Publisher of Quality Genealogy Materials
Volume 4, Number 1 Mountain Press, P.O. Box 400, Signal Mountain, Tennessee 37377, 1-423-886-6369 January 12, 2011
As we begin another year, hopefully you can take the time this winter and review all your records you have accumulated in the past. A careful review may just help give you a clue into a new avenue for finding that missing piece of the puzzle.
Also, The NGS collection has been moved to the St. Louis County Library, Special Collections department, and is available interlibrary loan. Please contact Ruth Ann Hager with questions.
If you have any comments or suggestions, please email me at email@example.com.
James L. Douthat
Review - Review - Review
Happy New Year!!! I hope your holiday season went well and now things are settling down to their usual dull roar. By now most of our resolutions have been dismissed and we are back into our routine.
Here in lies one of our down falls in genealogy - routine. The New Year gives us a chance to stop what we are doing and review our progress, or lack thereof, as the new year begins. At this time of the year, with things at a slower pace and maybe a few snowflakes flying, is the time to begin a review of our work from last year. I like to take a blank sheet of paper and draw a line down the center from top to bottom. On one side I label “I Found Last Year” and on the other side “Things yet to find”.
If we have been active during the past twelve months, there are things to be put in each of the two columns. Don’t be surprised if the numbers are about equal. I have found that often times when a fact is discovered, it leads to several more questions. If you have not discovered the truth about genealogical research, it is never ending. There is always one more bit of information that we lack, one more name of some ‘grandmother’ back in 1732. In reality, this is the excitement of the search. We are looking for the pieces to a very large puzzle that has no borders, so it is never finished. We just start in the middle and work ourselves outward in all directions.
Now let’s look at the process of reviewing your records. You will need to review all those files, drawers, and piles of collected records. You are going to go back over each item with a renewed eye. You will probably see things differently this year than you did last year. Each piece of information that you have found helps to understand each fact - new or old. During our research, we always, or at least should, pick up odd bits and pieces of information. Some of these may or may not fit into our records, but we have to understand them fully. Let me give an example from my own research.
The marriage records for my wife’s grandmother and grandfather became a search for over thirty years. We looked in eleven counties and several states making numerous trips and nothing was found. We knew that they moved around a lot so this meant a lot of looking. After they had eighteen children it was almost a mute point, but we wanted to know. This is a family that is very close knit except they could not all agreed on their mother’s name. We don’t even want to think about their grandmother’s correct name.
One day in a review of newspaper clippings my mother-in-law had in a box filed away, I found two clippings that related “Grandmother” and “Grandfather” had been selected as Man and Woman of the year separately for the local newspaper. In the clipping for grandmother there was a real clue - “...they met on Mowbray Mountain...”. This was a spur of the same Walden’s Ridge where we live today. I had not ever looked locally, since they were always traveling between Tennessee and Arkansas in the early years. In addition, both of them were raised in another section of Tennessee than here.
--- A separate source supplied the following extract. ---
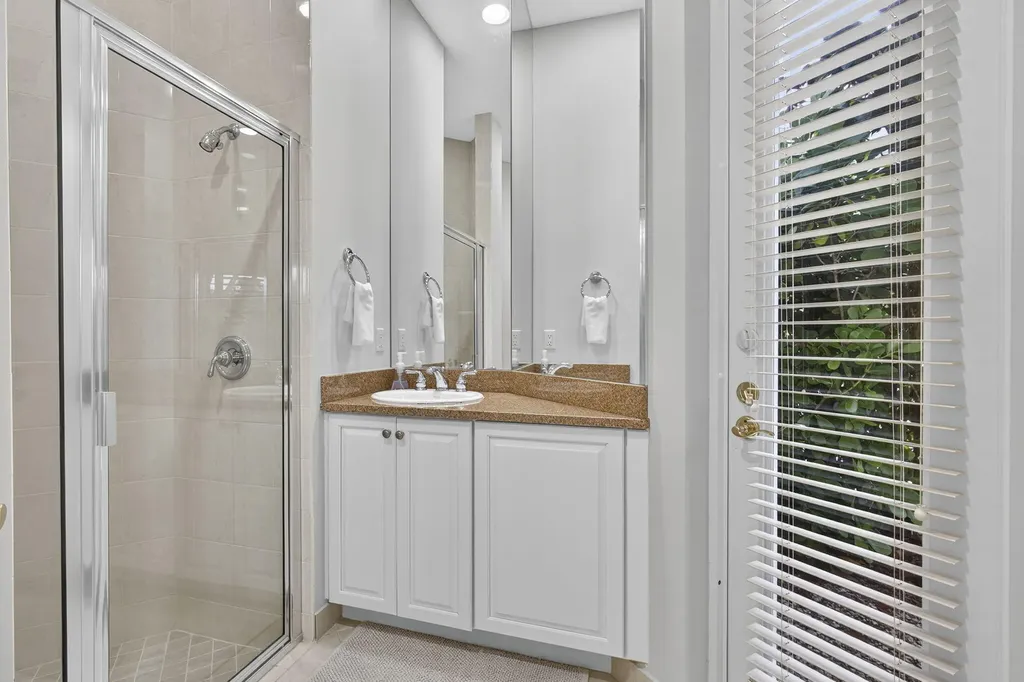 120 Via Mariposa Palm Beach Gardens FL 33418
Sitting on a shelf beside my computer were the marriage records of our County on microfilm that I have had for more than twenty years. I picked the one I thought might be of interest and after about an hour of going frame by frame, there they were!!! End of search.
How long the clippings had been available, but never really looked at just amazed me. If I had not taken a third for fourth look at those clipping, I might still be looking where the couple lived from time to time.
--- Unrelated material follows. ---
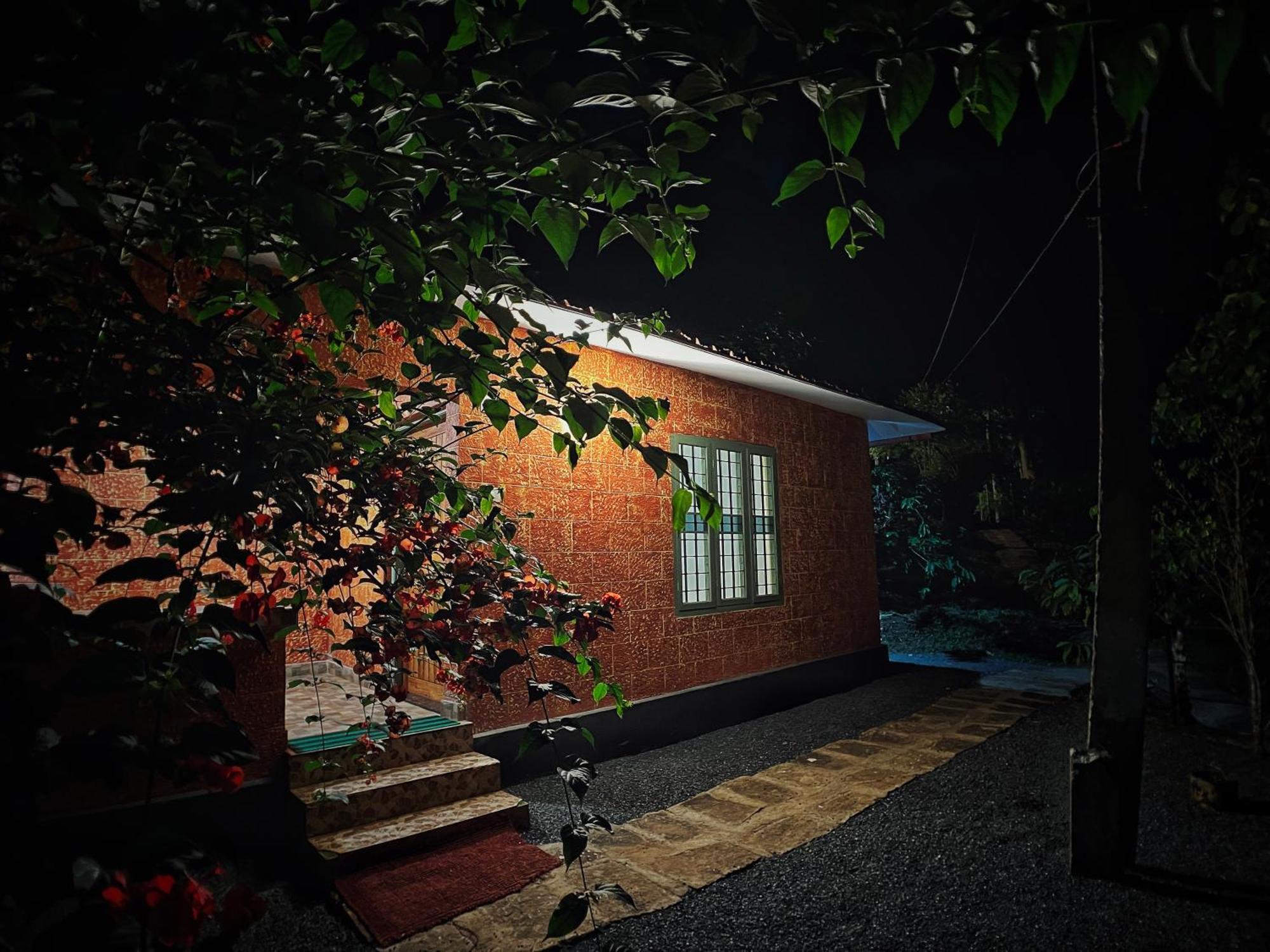Mahout Resort Wayanad - An Experiential Jungle Stay With Waterfall Kalpatta Eksteriør bilde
Each time you review your old files and clippings, you will discover something new and exciting. Often the first time around, we do not gather all of the facts. In the beginning, for example, we look at the census for just the one name that is of interest. However, a year or so later, we go back and find that three names down is the family of a spouse. We might have missed this the first time, because our tunnel vision kicks in and we are looking only for that one name. No matter how many times in workshops were are told to look at the larger picture, most of us let this go over our heads.
A real review of your records will reveal some true surprises. You may have found more that you realize just in one year of research. At the same time, look carefully at the list of those facts that are needed or just wanted. We can take this latter list and do some selective casting of our rod and reel. Sometimes trolling is okay when we are not too sure of the waters, but with something specific in mind, we more likely will find the answer shortly by concentrating on one fact.
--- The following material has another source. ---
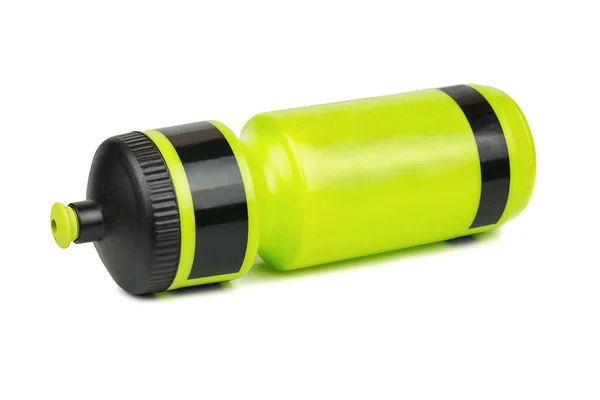白い背景の上の緑スポーツ水筒 — ストック写真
I will have to confess that after over fifty years of research, I am no closer to finding my fifth- great grandfather. I have his son born in Maryland in 1767. That is still all I have after several trips to the area of his birth, dealing with a name change from German into English and other families in the area fully researched. Hopefully someday I will find out more information.
Now is the time to review the past and plot the course for the future. Good fishing!!